We all accept that the table with least number of rows should be listed as the base table, and the same is done here. We have two such tables with the least number of rows, which are listed as base tables. Now before we further explain this, let us see the execution plan for the same.
It is very clear from the above execution plan that when I order is forced the query cost goes high. This proves that the SQL Server has already made a good decision with regard to the optimized query plan. When plan is forced in the case of the joins more than 2 table the performance matters. Let us see the execution order of the table in both the cases.

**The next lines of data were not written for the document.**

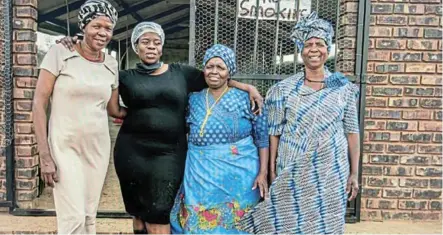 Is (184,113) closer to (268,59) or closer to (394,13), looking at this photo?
(268,59)

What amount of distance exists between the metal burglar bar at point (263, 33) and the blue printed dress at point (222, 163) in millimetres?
974

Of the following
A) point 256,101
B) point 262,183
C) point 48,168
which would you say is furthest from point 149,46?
point 262,183

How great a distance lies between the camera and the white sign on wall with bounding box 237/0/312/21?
10.3 ft

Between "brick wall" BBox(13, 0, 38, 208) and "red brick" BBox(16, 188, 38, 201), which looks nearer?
"brick wall" BBox(13, 0, 38, 208)

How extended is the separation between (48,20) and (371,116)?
15.4ft

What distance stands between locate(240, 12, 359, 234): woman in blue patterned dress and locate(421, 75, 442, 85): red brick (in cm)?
133

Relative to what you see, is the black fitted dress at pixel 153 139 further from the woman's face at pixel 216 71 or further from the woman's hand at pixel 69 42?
the woman's hand at pixel 69 42

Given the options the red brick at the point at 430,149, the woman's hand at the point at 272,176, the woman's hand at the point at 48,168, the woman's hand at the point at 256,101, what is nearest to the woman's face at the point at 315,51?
the woman's hand at the point at 256,101

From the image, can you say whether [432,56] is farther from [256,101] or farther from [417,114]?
[256,101]

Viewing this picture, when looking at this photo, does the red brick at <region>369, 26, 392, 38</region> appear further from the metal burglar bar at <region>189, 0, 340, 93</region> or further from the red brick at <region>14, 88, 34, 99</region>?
the red brick at <region>14, 88, 34, 99</region>

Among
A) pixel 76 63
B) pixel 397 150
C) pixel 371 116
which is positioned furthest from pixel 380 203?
pixel 76 63

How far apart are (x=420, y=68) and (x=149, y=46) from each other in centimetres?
209

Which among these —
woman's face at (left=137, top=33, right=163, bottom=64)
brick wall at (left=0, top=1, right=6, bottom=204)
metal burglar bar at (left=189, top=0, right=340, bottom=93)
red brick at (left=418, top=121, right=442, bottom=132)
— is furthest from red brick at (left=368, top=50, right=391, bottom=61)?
brick wall at (left=0, top=1, right=6, bottom=204)

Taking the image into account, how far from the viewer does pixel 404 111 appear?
319cm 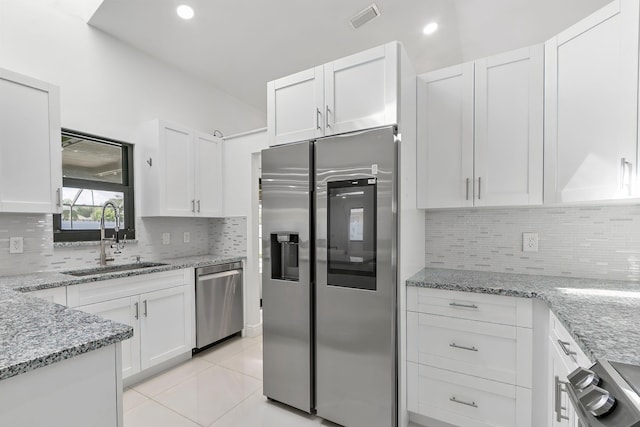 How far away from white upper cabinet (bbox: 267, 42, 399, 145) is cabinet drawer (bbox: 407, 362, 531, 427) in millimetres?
1578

Now, from the example, it is very clear when you force order the query, it evaluates the table Employee first and when it is not forced, it evaluates EmployeeAddress first. Even though both the tables have same number of rows, the query optimizer processes them differently and uses different types of join logic. When the order is not forced, it uses hash join; further, in case of forced order, it uses nested loop – this creates a significant difference in the query cost.
The conclusion of this whole exercise is very simple.
- SQL Server Query Execution Engine is pretty smart to decide the best execution plan with least query cost for any query.
- Order of the tables in any query can make a significant impact on the query.
Now the question for you: We have seen that using query hint of OPTION (FORCE ORDER) reduces the performance; give an example wherein we can use this hint to improve the performance?
Please leave your comment here. I will publish the answer to this question with due credit and with my own example in a later post.
Reference: Pinal Dave (https://blog.sqlauthority.com)
27 Comments. Leave new
HI !! Pinal
I want to replicate Database from My One Server location to another.
For Example If One Database is in Ahemeabad and Other In Surat with large set of data the min. size of database is 2-3 GB.
Here the Problem is that as per requirement I have to put One Synchronization button on my Web Page (in Website).
Because user has not continuous Internet connectivity he will be ale to synchronize data from that button.
So I think I need to do Web synchronization.
If i have to use Sql Server 2008 or Window Application or any Other code Or Microsoft Sync. Framework than plz suggest me.
I have to obtain this without any tool.
In short I need to perform replication from Server to Server.
Please suggest me the rigth way to perform this functionality with some code guideline.
Thanks,
Nilesh Rathod
Hi Pinal,
What is the difference between the hash join and the nested loop join in these two queries?
I was also wondering how the estimated query costs are calculated.
Thanks.
Hi Pinal
I can’t think of some specific example, but I guess if I have a query with a combination of different joins (inner-outer). I can use Option (Force Order), in order to have a optimized query.
Comments ?
What is your Answer!
Hi Pinal,
I hope you have time to answer our questions. I can’t solve these problems on my own.
Thanks.
Hey Nilesh
Your Database size is 2-3 GB, so backing up this DB should take barely any time. You have following options
1. Full Backup on Source –> Copy the Backup on Destination file share –> Restore the backup
2. Look into Log-Shipping Option, its not bad
Replication is your 3rd option but I would rule that out for now b’cos you mentioned internet-connectivity can be an issue
OPTION (FORCE ORDER) – forced to use ‘NESTED LOOP’ option when joing table EMPLOYEE and Table EMPLOYEE HISTORY and again on EMPLOYEE DEPT HISTORY tables. Though it forced to use indexes and NESTED LOOP ( similar like FOR LOOP) but no predicate(s) on table A or B or C , it would take more time than ‘ JUST HASH MATCH’ and for loop with the data.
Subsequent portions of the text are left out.